Types of blood component therapy
Fresh frozen plasma
Fresh frozen plasma (FFP) is used for the treatment of bleeding or documented coagulation problems. It should not be used for volume expansion or for replacement of large deficiencies in coagulation factors. FFP is separated from whole blood usually within 8 hours of collection. It can be stored for up to 1 year.
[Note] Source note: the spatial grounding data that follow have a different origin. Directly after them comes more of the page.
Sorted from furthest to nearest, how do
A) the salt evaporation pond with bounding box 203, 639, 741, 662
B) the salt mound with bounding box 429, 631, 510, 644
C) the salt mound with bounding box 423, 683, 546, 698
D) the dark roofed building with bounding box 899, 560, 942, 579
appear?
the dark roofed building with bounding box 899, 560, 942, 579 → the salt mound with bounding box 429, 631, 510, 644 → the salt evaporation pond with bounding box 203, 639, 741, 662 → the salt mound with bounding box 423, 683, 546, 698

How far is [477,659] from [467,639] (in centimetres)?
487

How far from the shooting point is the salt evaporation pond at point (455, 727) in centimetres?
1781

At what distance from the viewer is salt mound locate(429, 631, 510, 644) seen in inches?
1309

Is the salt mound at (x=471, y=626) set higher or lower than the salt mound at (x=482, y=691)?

It is important to note that various plasma products are available that do not meet the preparation requirements for FFP, including plasma, liquid plasma, thawed plasma, and plasma frozen within 24 hours after phlebotomy.
Transfusion reactions
If a hemolytic transfusion reaction is suspected, the PACU nurse should stop the transfusion immediately and attach normal saline solution to the intravenous catheter. The attending physician and the blood bank should be notified, and a specimen of blood should be drawn and sent to the blood bank along with the blood unit and administration set. A specimen of urine should be obtained to send to the laboratory for evaluation for hemoglobin content. Finally, the other units of blood for that patient should be rechecked. See Chapter 29 for further discussion of complications resulting from transfusion of blood products.
Summary
The objective of this chapter was to provide a broad view of the complex topic of body fluids and electrolytes, and their maintenance and treatment in the perioperative setting. The major electrolytes were presented along with discussion and examples of fluid replacement and fluid loss. Coagulation is presented in regard to the normal cascade of the various factors and the various laboratory tests that can be used for assessing coagulation from both the intrinsic and extrinsic components. Finally, one of the most important assessment parameters for the perioperative nurse in the PACU is for hypovolemia as a result of blood loss or overall fluid deficit, cardiovascular instability, and electrolyte imbalances.